Consider a finite, abelian group $G$ with the discrete topology, and let $g\in G$. Then $$\sum_{\chi\in\widehat G}\chi\left(g\right)=\begin{cases}\left|G\right|&\text{if }g=e\text{, and}\\0&\text{otherwise,} \end{cases}$$ where $\widehat G$ is the Pontryagin dual of $G$.
I can show that
$$\sum_{\chi\in\widehat G}\chi\left(e\right)=\left|G\right|$$
by using the fact that $G\cong\widehat G$. However, how do I show the other case?
First consider the case where $G$ is cyclic, $G \cong \mathbb{Z}/n\mathbb{Z}$. An element $\chi \in \widehat{G}$ is determined by its value on 1, and the value on 1 must be something of order dividing $n$, so $\chi(1)$ is an $n$th root of unity. That is, for each $n$th root of unity $\zeta_n$, there is exactly one homomorphism $\chi:\mathbb{Z}/n\mathbb{Z} \to S^1$, which takes 1 to $\zeta_n$. Let $\omega_n$ be a primitive $n$th root of unity. Then $$ \sum_{\chi \in \widehat{G}} \chi(1) = \sum_{\chi \in \widehat{G}} \chi(1) = 1 + \omega + \omega^2 + \ldots + \omega^{n-1} = 0 $$ The fact that this sum is zero is well known (see https://en.wikipedia.org/wiki/Root_of_unity, section on Summation).

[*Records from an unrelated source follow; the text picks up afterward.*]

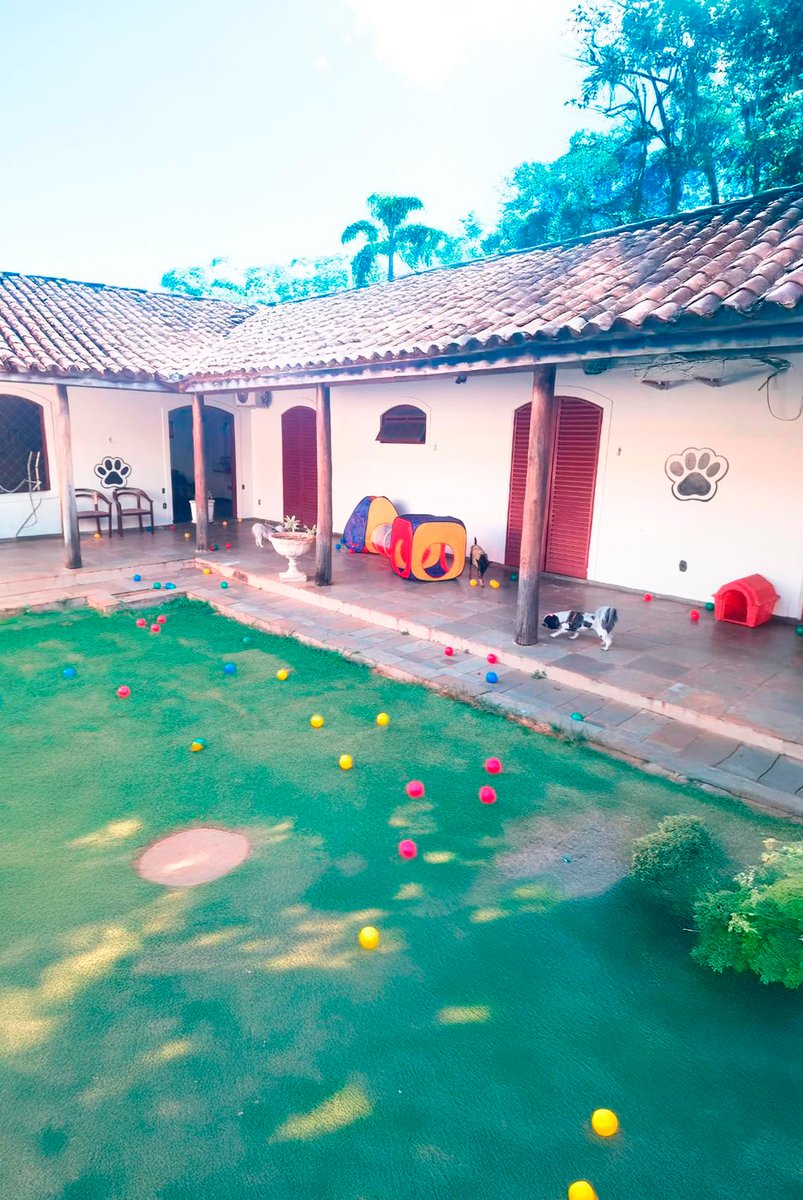 Pet House - Creche Hotel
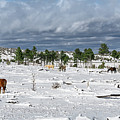 Winter Grazing Photograph by Paul Martin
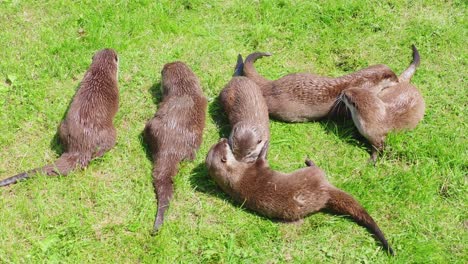 Group-of-young-playful-otters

More generally, $$ \sum_{\chi \in \widehat{G}} \chi(g) = \sum_{\chi \in \widehat{G}} (\chi(1))^g = 1^g + \omega^g + \omega^{2g} + \ldots + \omega^{(n-1)g} = \sum_{k=0}^{n-1} (\omega^g)^k $$ Let $d = \gcd(g,n)$. If $d =1$ then $\omega^g$ is also a primitive $n$th root of unity and this sum is the same as the previous one, so it is zero. If $\gcd(g,n) \neq 1$, then $\omega^g$ is a primitive $\frac{n}{d}$th root of unity, and the sum $$ \sum_{k=0}^{n-1} (\omega^g)^k $$ should split up into $d$ groups of sums of all $\frac nd$th roots of unity, each of which is zero, so this is again zero.

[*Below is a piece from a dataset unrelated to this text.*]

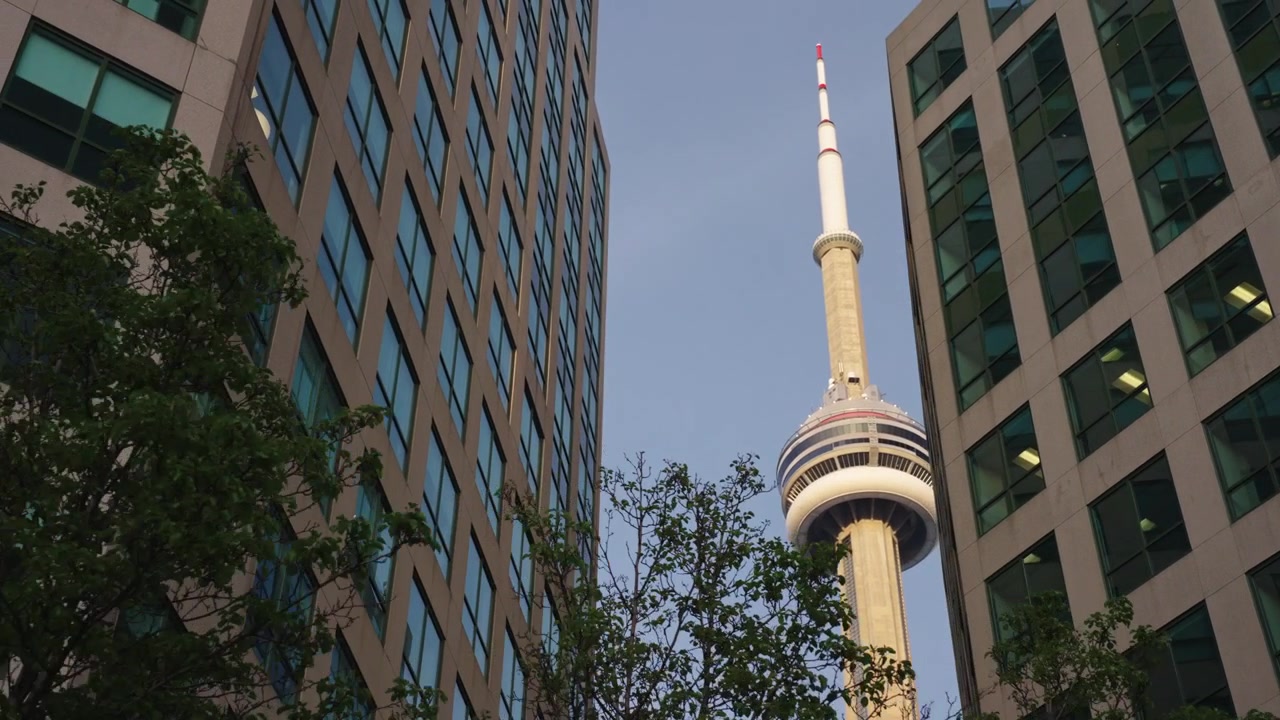 La CN Tower appare tra gli edifici per uffici del centro mentre la telecamera scivola lateralmente tra gli alberi, al rallentatore.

Ok, we've proved the result in the case where $G$ is cyclic. We know that $G$ is a direct sum of cyclic groups, so we should be able to transfer this to the general case. I'm not sure how to do this right now. Perhaps the best way to do it is to incorporate it into the argument above, and tackle the general case all in one go.